By relentlessly following a personal vision, he made movies that some people will never relate to. Presumably, these people are fundamentally different from him and would probably be turned off by him if they met him at a dinner party. But because his films are so pure -- so undaunted by "sauces" -- when the click with a like mind, they REALLY click.

Few artists work this way. Most try to please everyone and wind up pleasing no one as fully as they could. They put a little sauce on the steak -- not enough to totally offend the steak purists, but not enough to really thrill them, either. And the steak haters enjoy the meal somewhat -- but they always detect a faint taste of steak.

To me, this is the chief difference between a Kubrick and a Spielberg. Spielberg reaches out to the audience and says, "Please love me! I promise that I'll throw in something for everyone!" And he does: the cute robot for the kiddies, the mild sexual innuendo for the parents, the rebellious teenager for the rebellious teenager. Spielberg can't possibly be all these things himself, but instead of relentlessly following his own inner truth, be panders. It's a shame, because technically, I think he has the brilliance of a Kubrick or a Hitchcock.

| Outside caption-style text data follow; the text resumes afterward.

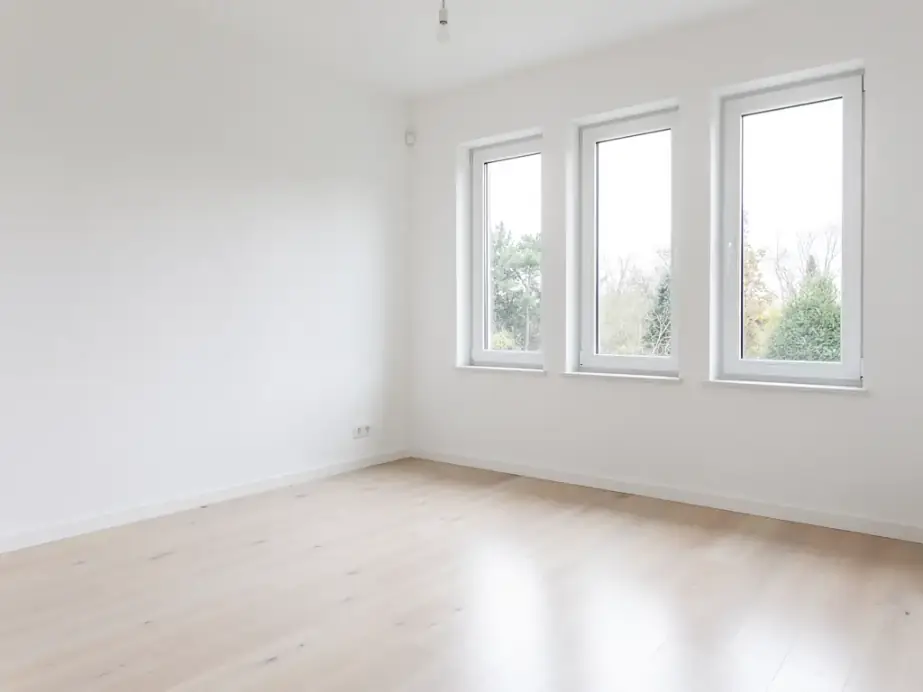 A new room with white walls, an oak floor and three tall windows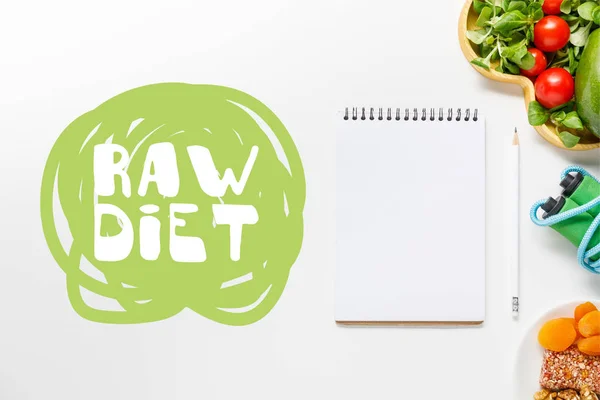 Top view of blank notebook near diet food and skipping rope on white background with with raw diet lettering — Stock Photo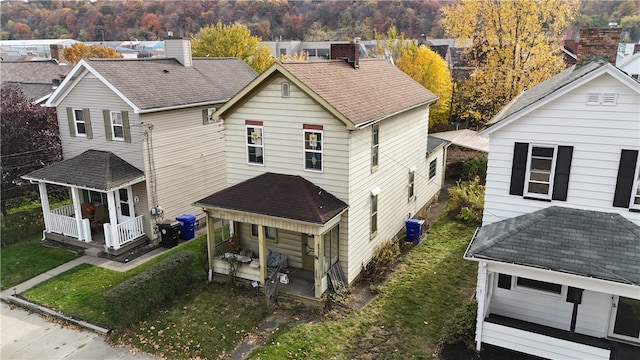 rear view of house featuring a porch, central AC unit, and a garage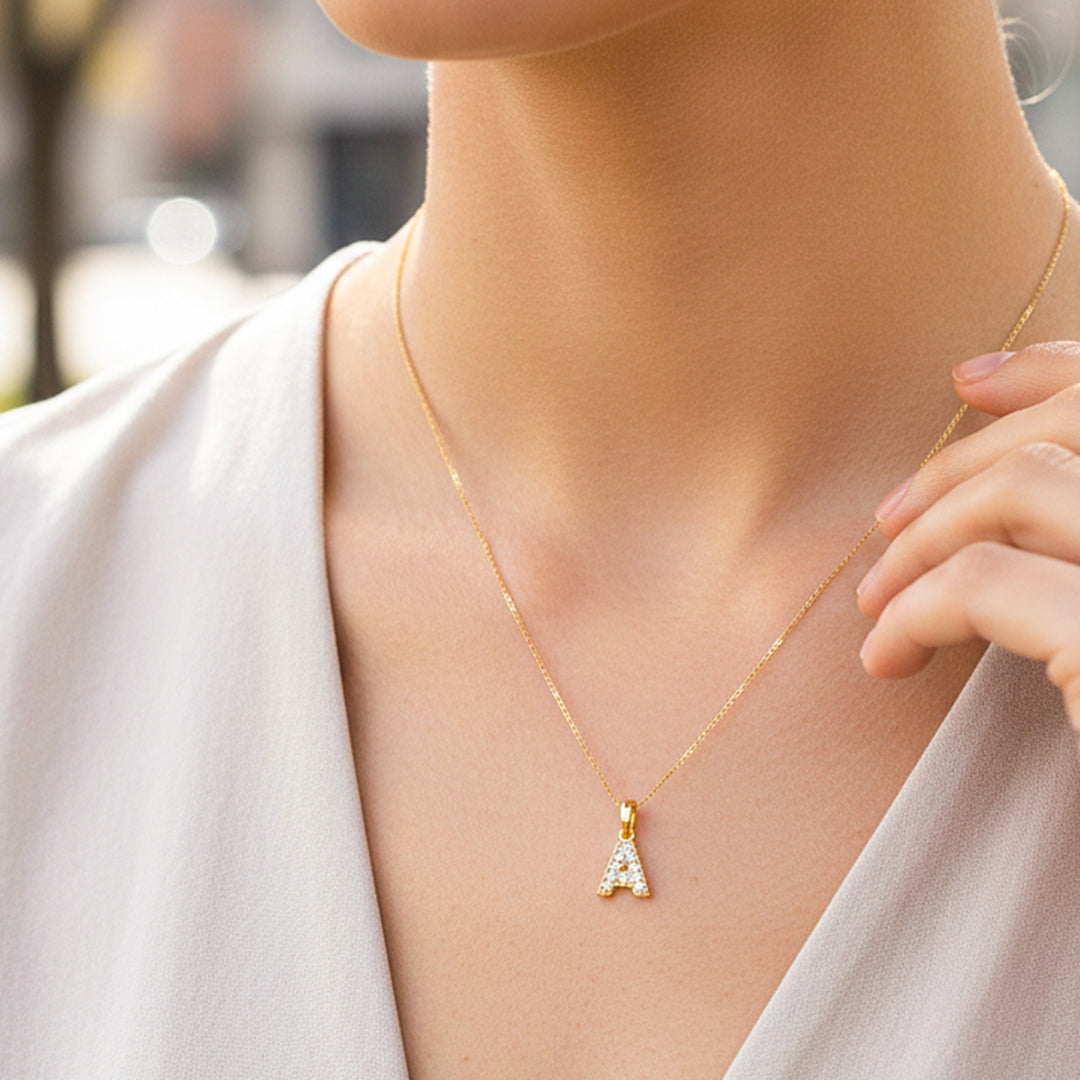Cuello de modelo usando una cadena con un dije en forma de la letra A en oro amarillo de 18 quilates con cristales de Joyería Caracas.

Very occasionally, he WILL make something personal ("Schindler's List" / "Jaws") and it's like a totally different filmmaker has taken over his body.

By a strange coincidence, I started a theatre company in "2001." We produce only classics: Shakespeare, Chekhov, Ibsen, etc. When we produce Shakespeare, we do it on a bare stage without using sets or lighting changes (lights up the whole time). No costume changes, either -- just the actors in their street clothes. We use very few props. It's just the actors in an empty room and Shakespeare's text, which we usually do uncut. This means our plays often run over three hours.

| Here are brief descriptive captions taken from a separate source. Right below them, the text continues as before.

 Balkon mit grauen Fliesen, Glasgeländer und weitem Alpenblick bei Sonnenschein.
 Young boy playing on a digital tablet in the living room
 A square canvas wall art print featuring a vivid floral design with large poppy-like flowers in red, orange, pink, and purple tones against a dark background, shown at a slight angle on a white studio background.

When we first started this work, I knew some people -- maybe most people -- wouldn't like it: no sauce on the steak. But I like it, and I'd learned from Kubrick that if I was going to be the director, I had to share MY vision -- not something I thought or hoped the audience would like. And so I did. I was scared, but I was relentless.

And yes, some people don't like it. Occasionally someone walks out during intermission. But to my great surprise and joy, most people love it. One common reaction is, "You know, I don't usually like Shakespeare, and when I heard how long your production was, I thought 'Oh boy...,' But I LOVED it. I understood everything, and it just flew by. I can't believe that was three hours long!"

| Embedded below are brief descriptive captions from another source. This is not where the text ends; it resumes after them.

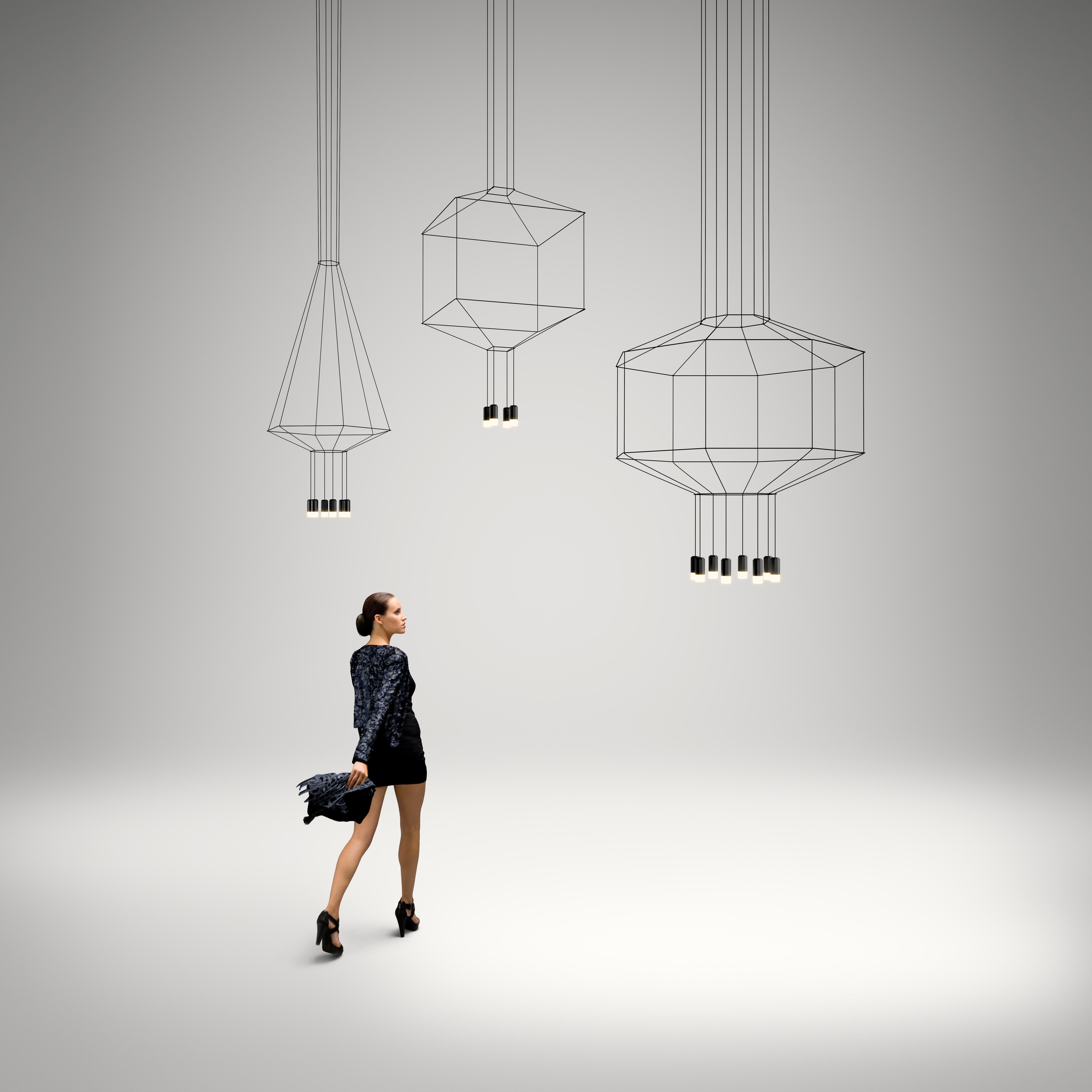 Wireflow designed by Arik Levy. A hanging lamp which reviews and updates the chandelier look through an exercise of simplification that explores its essence and enhances its outline with great delicacy and at the same time a strong formal presence.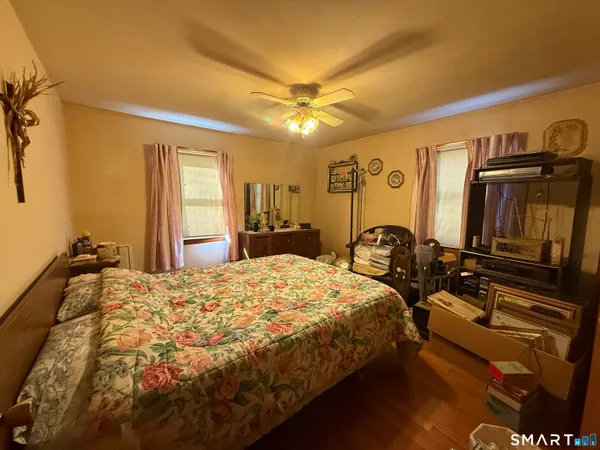 a bedroom with bed and window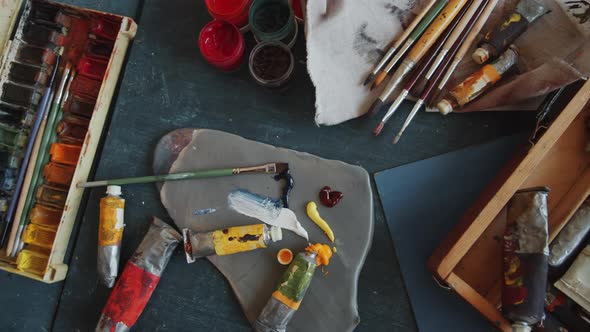 Top Down of Painting Tools and Supplies on Table alt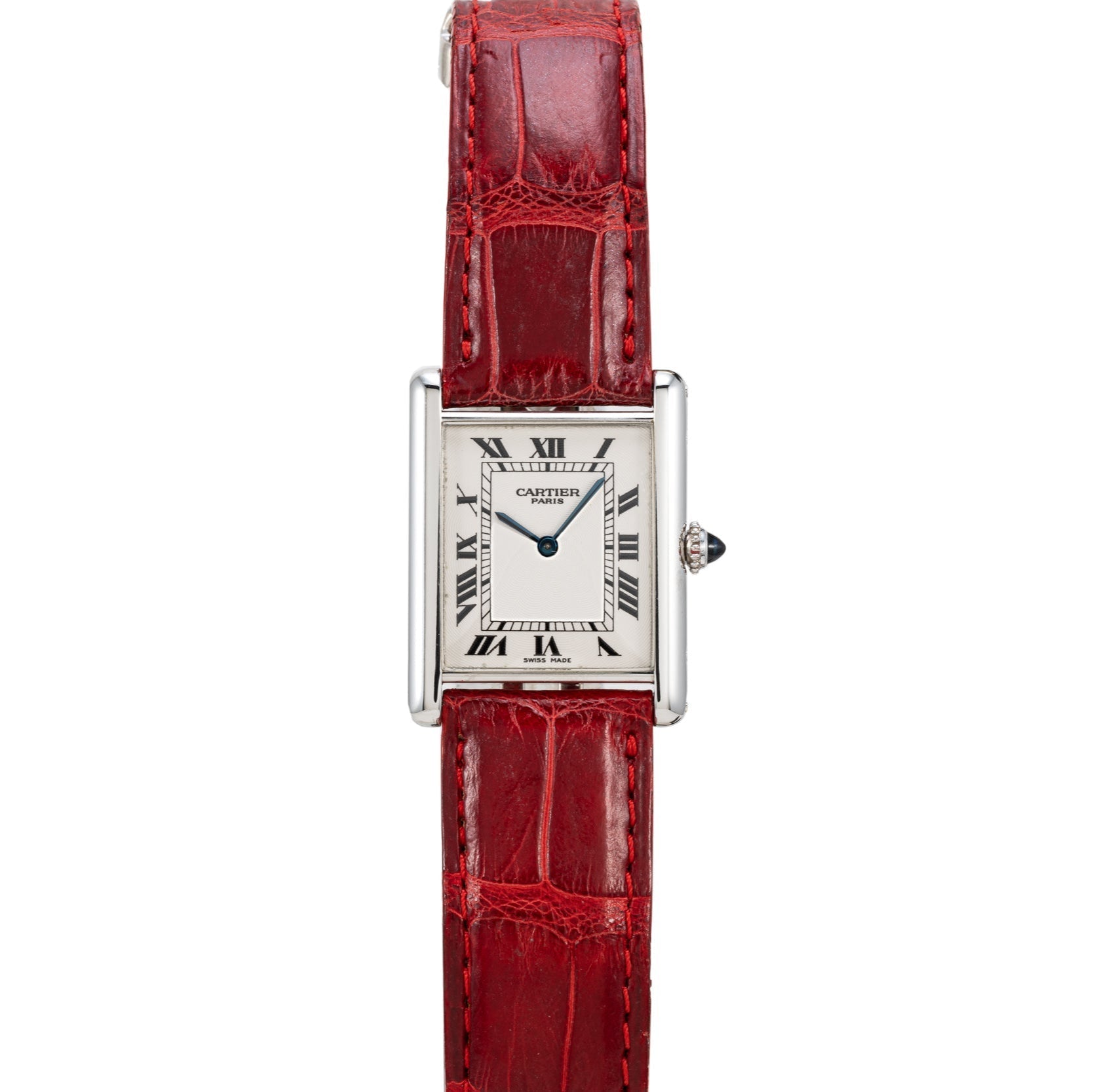 The Cartier Tank Louis watch features a red leather strap and a rectangular face with Roman numerals.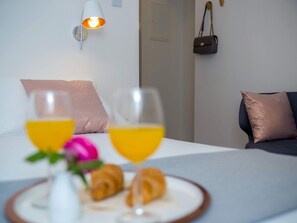 Una cama bien hecha con almohadas, una lámpara de noche, una mesita con cruasanes y un vaso de zumo de naranja, y un bolso colgado en la pared.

Thank you Stanley. Thank you from the bottom of my heart.
posted by grumblebee at 7:02 AM on June 7, 2006 [14 favorites]


Ulysses Ulysses Ulysses. I can't believe after all this time I retain a focal dyslexia for that word that I see in my inbox every freakin' day. Shiiiiit. Sorry JJ.
Well said grumblebee.
posted by peacay at 7:12 AM on June 7, 2006


well said grumblebee. you've summed up nicely why Kubrick is such an excellent director.

While I generally have little respect for Spielberg’s work, on anything but a technical level, I wonder if it is unfair to say that he is less true to himself. I think he may well be a panderer at heart.
posted by subtle_squid at 7:29 AM on June 7, 2006


Grumblebee, fantastic. Kubrick is one of my creative heros, warts and all. I can and have fallen deeply into Barry Lyndon on many occasions. It draws me into a whole other universe in a way that I fundimentally appreciate as the ultimate goal of cinema. I didn't react well to Eyes Wide Shut, but I'm always game to try, try again.
posted by Divine_Wino at 8:44 AM on June 7, 2006


Given my feelings about Spielberg (and at times I've come close to hating him, not so much for is own work, but for the effect he's had on movie making and the influence he's had over young directors), it's surprising that I like "A.I."

Granted, the film is a mess. As has been noted, it contains some signature wince-inducing, treacly Spielberg moments. Worse, it's chock full of errors in story logic. Which makes it all the more amazing that I like it, since I don't have much ability to "suspend my disbelief." For me, if the plot doesn't make sense, I generally can't connect with a movie, no matter its other merits. (Example problem: when the young hero is underwater, he gets whisked from midtown Manhattan to Coney Island in no time, as if the two locations were a block apart. This is one of a zillion such problems.) Either I'm deluded -- which is certainly possible -- or there is something stupendous going on in "A.I": something great enough to trump my normal reaction to a poorly constructed movie.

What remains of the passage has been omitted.